Example output (the password is per-instance):

# TensorFlow Serving — Per-VM Credentials
TFSERVING_VERSION=latest
TFSERVING_REST_URL=http://<PUBLIC_IP>/v1
TFSERVING_GRPC_URL=<PUBLIC_IP>:8500
TFSERVING_SAMPLE_MODEL=half_plus_two
TFSERVING_SAMPLE_PREDICT_URL=http://<PUBLIC_IP>/v1/models/half_plus_two:predict
username=cloudimg
password=<TFSERVING_BASIC_AUTH_PASSWORD>

For shell pipelines, extract the password into a variable:

PASS=$(sudo awk -F= '/^password/{print $2}' /root/tensorflow-serving-credentials.txt)

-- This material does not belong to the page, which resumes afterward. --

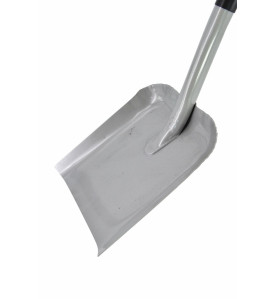 STEEL SAND SHOVEL WITH D-GRIP 24x30cm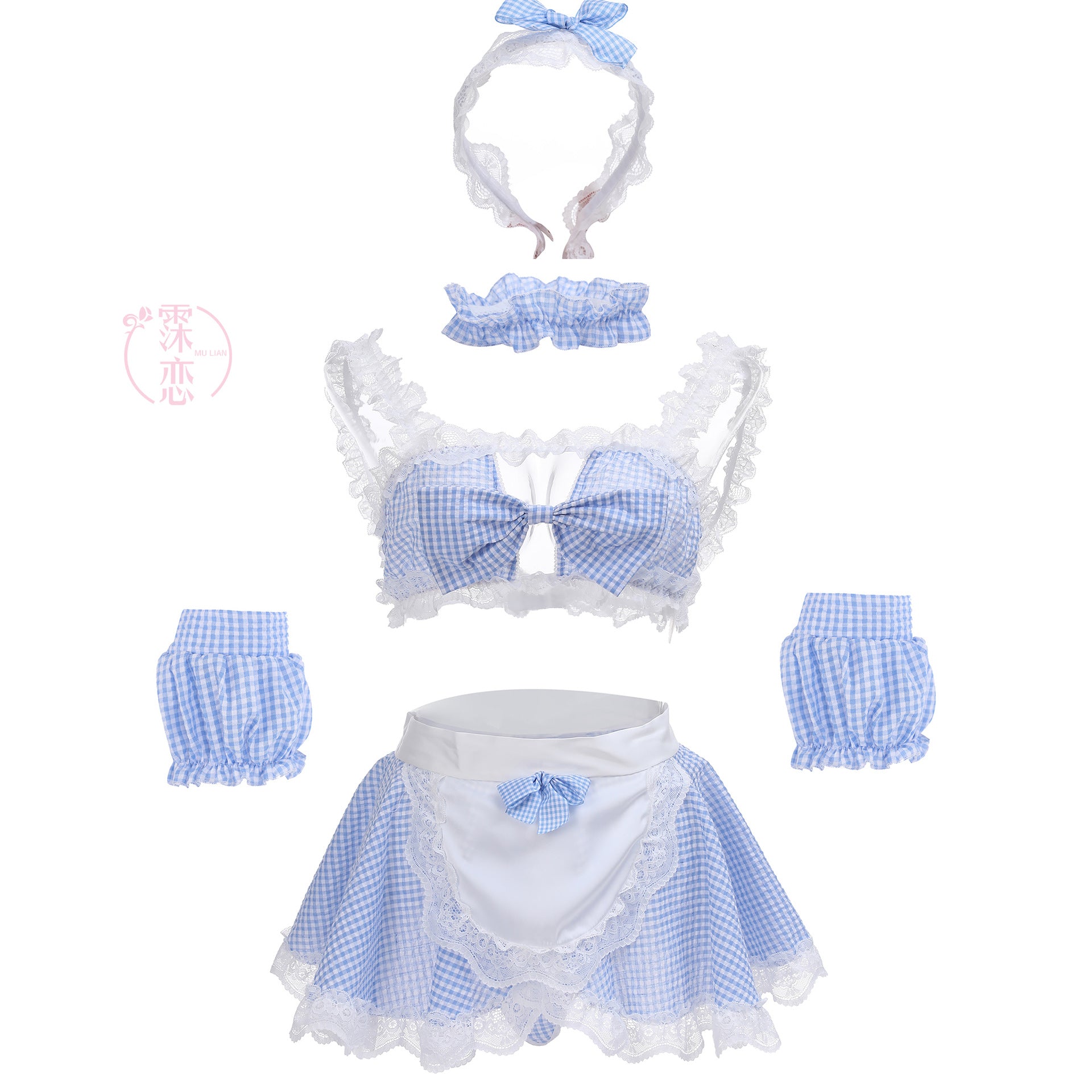 Cute Lace Hollow Maid Bra Set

Check the bundled model is loaded

Query the TF Serving model status through the nginx basic-auth gateway on port 80:

curl -s -u cloudimg:$PASS http://127.0.0.1/v1/models/half_plus_two

You should see the bundled half_plus_two SavedModel reporting state=AVAILABLE:

{
 "model_version_status": [
  {
   "version": "1",
   "state": "AVAILABLE",
   "status": {
    "error_code": "OK",
    "error_message": ""
   }
  }
 ]
}

If the same request is made without basic auth, nginx returns HTTP 401:

curl -s -o /dev/null -w 'HTTP %{http_code}\n' http://127.0.0.1/v1/models/half_plus_two
HTTP 401

Run a prediction against the bundled model

The bundled SavedModel implements y = 0.5 * x + 2. Send three inputs through the predict endpoint and TF Serving returns one prediction per input:

curl -s -u cloudimg:$PASS -X POST -H 'Content-Type: application/json' \
  -d '{"instances":[1.0,2.0,5.0]}' \
  http://127.0.0.1/v1/models/half_plus_two:predict
{
    "predictions": [2.5, 3.0, 4.5
    ]
}

The output [2.5, 3.0, 4.5] confirms TF Serving correctly evaluates 0.5 * 1.0 + 2 = 2.5, 0.5 * 2.0 + 2 = 3.0, and 0.5 * 5.0 + 2 = 4.5.

Inspect the running container

The model server runs as a single tfserving Docker container managed by docker compose and supervised by tfserving.service:

sudo docker ps --format 'table {{.Names}}\t{{.Status}}\t{{.Ports}}'
NAMES       STATUS          PORTS
tfserving   Up 18 seconds   0.0.0.0:8500-8501->8500-8501/tcp, [::]:8500-8501->8500-8501/tcp

8500 is the gRPC predict endpoint; 8501 is the raw REST predict endpoint published by the container. nginx on port 80 proxies /v1/ to 127.0.0.1:8501/v1/ and enforces basic auth.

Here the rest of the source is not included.